Master of Scieuce in Geophysics . / Rockbursts continue to be one of the more high profile and problematic worker
hazards in the South African gold mining industry. Recent advances in the technology
of seismic monitoring systems and seismic data analysis and interpretation methods
hold considerable promise towards improving the success rate of rockburst control
measures. This study tests different methods for the evaluation of the response of
geological structures to mining induced stress changes.
A small part of Western Holdings Gold Mine in the Welkom goldfield -- the Postma
Area -- offers a challenge because of its geological complexity, accessibility and high
incidence of seismicity. The sensitivity of the local network to ground motions in this
area of interest and the expected spatial location accuracy is established and deemed
adequate for a detailed investigation of seismic activity.

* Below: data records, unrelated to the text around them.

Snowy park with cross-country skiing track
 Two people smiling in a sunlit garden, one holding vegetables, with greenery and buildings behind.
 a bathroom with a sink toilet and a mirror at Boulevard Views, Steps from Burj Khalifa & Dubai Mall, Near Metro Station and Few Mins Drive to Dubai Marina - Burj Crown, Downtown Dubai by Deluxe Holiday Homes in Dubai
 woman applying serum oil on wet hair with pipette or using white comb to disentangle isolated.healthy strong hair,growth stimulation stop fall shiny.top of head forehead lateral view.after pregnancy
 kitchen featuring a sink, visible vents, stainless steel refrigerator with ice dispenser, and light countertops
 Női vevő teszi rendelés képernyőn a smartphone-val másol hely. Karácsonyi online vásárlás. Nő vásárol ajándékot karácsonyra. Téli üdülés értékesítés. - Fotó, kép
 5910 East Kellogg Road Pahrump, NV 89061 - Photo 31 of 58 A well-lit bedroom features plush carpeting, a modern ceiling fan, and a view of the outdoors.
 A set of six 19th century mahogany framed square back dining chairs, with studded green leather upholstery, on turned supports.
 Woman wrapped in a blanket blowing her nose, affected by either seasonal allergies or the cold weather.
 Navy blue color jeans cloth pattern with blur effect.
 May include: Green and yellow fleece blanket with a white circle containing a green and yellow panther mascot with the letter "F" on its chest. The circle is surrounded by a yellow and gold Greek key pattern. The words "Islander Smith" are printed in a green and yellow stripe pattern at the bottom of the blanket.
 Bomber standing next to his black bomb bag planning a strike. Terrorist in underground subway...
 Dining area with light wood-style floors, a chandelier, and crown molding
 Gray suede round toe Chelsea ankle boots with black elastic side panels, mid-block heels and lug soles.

The local mining geometry,
geology and methods of mining are discussed. The fractured state of the rock mass
observed in situ, close to the stope faces, is in agreement with the results of numerical
elastic modelling and the high stresses inferred seismically. Almost immediately after
the incidence of a large event (ML 3.7) which occurred close to one end of a dyke, an
increased rate of seismic activity became apparent at another part of the same dyke,
some 250 m to the east. A change in the state of seismic stress, before and after the
large event, points to a transfer of stress along this geological discontinuity.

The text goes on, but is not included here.